After identifying the root cause (from any path above):

Suggest a fix with explanation of why it resolves the issue.
Apply and verify (behavior depends on autonomy mode):
- Apply the fix (with git checkpoint)
- Rebuild and re-run the reproduction case
- Verify the error no longer occurs
- If the error persists or a new error appears, repeat the relevant path
- Optionally compare output against DuckDB CPU baseline to ensure correctness
- Continue until: issue resolved, max iterations (default: 5) reached, or user intervenes
Present final summary: all attempted fixes, which worked, which didn't.

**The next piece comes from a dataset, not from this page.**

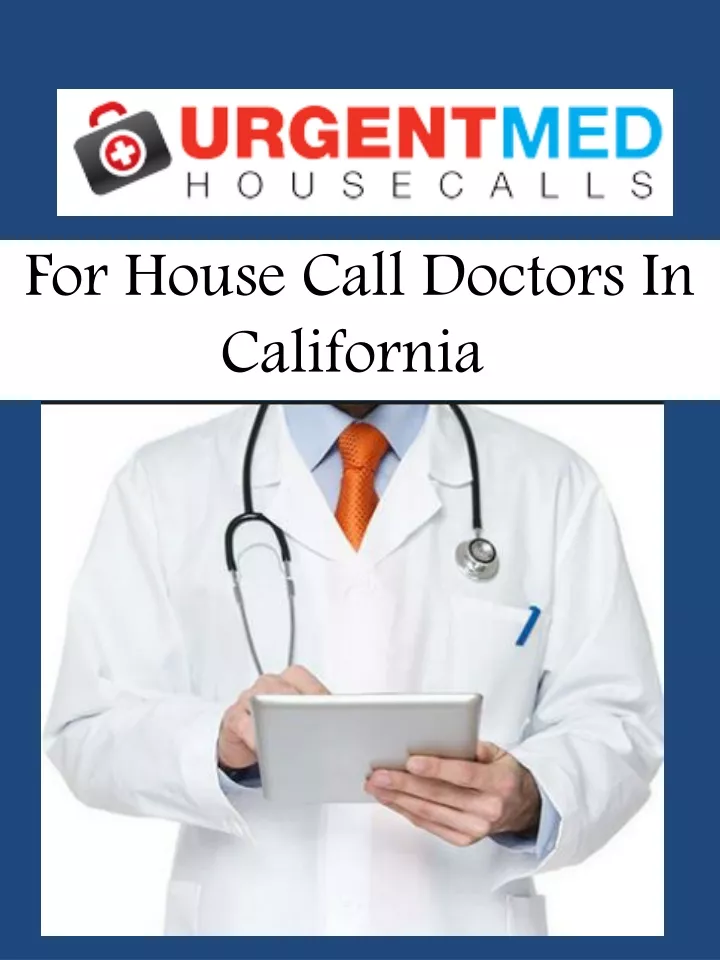for house call doctors in california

Shared: Log Management Summary

At the end of any path, present which [SIRIUS_DIAG] log statements should be:

Promoted: Useful long-term -- change from [SIRIUS_DIAG] tag to a proper log message at appropriate level (SIRIUS_LOG_DEBUG, SIRIUS_LOG_INFO, etc.)
Removed: Only useful for this investigation -- delete entirely

Why Immediate Flush Matters

By default, spdlog flushes every 3 seconds (see SIRIUS_LOG_FLUSH_SEC in src/include/log/logging.hpp). When a segfault or hang occurs, buffered entries are lost. Setting SIRIUS_LOG_LEVEL=trace explicitly triggers spdlog::flush_on(trace), which flushes after every log entry -- ensuring the last log before the crash is always visible.

Known Segfault Patterns

See common-segfaults.md in this directory for a catalog of known segfault patterns and their fixes.

Scope

Only analyze code in namespace sirius plus exceptions listed in shared build-and-query.md. Ignore legacy namespace duckdb code.